道ログ2

群馬県在住のおじさんがブログを書く

前田敦子さんは本当にAKB48を卒業してしまうのか

 というより、前田さんがいなくなった後のAKB48というものを想像できないというか、なんというか。。。
 いくつかのAKB動画を観ていたりして気づくのは、やっぱり前田さんを探してしまうということだった。前田さんがどんな表情で歌っているのか、どれだけ踊れているのか、どれだけ入り込んでいるのか、そういうのがすごく気になる。前田さんが好きだと言えばそれまでだけど、メンバーとして好きだっていうのなら、他にもたくさんいるし、前田さんのことだけを突出して好きだというわけではないと思う。それでも、探してしまうし、目で追ってしまう。
 
 そうそう。
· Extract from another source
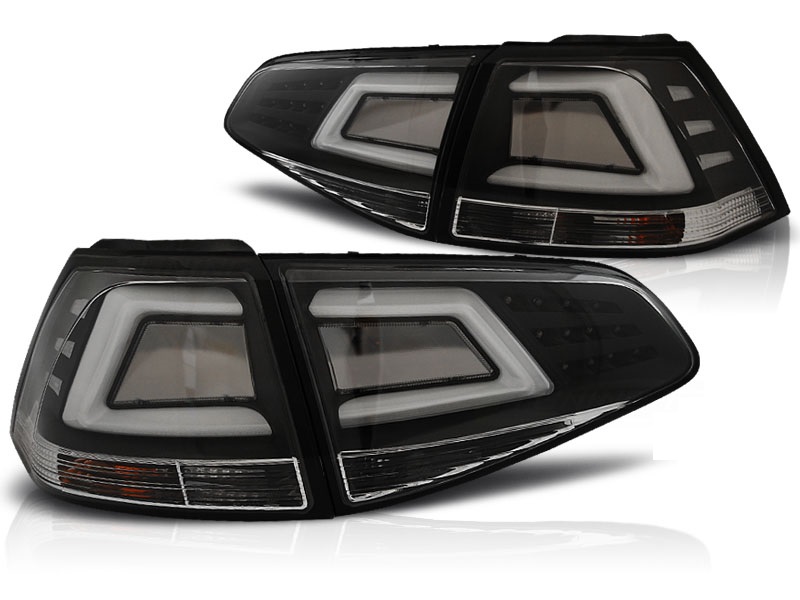 Taillights VW Golf VII 12- black/Smoke Led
最近ようやく多田さんがどの人か理解しましたよ。

 なんていうかこう、メンバーの中にもすごく惹きつけてくれる人と、そうでもない人がいて、前者のことっていうのはいわゆる「好き」になるし、実力や人気が高くても、後者の人は好きにはならない。嫌いな人っていうのもいないけど。みんなすげー頑張ってると思うし。
 俺はそれ、雰囲気のある人って言ってるんですが。どこで言ってるって、心の中でつぶやいたりネットで書いたりですよ。リアルでAKBのこと深く話し合える人なんて周りにいませんがな。いくつだと思ってるんですか。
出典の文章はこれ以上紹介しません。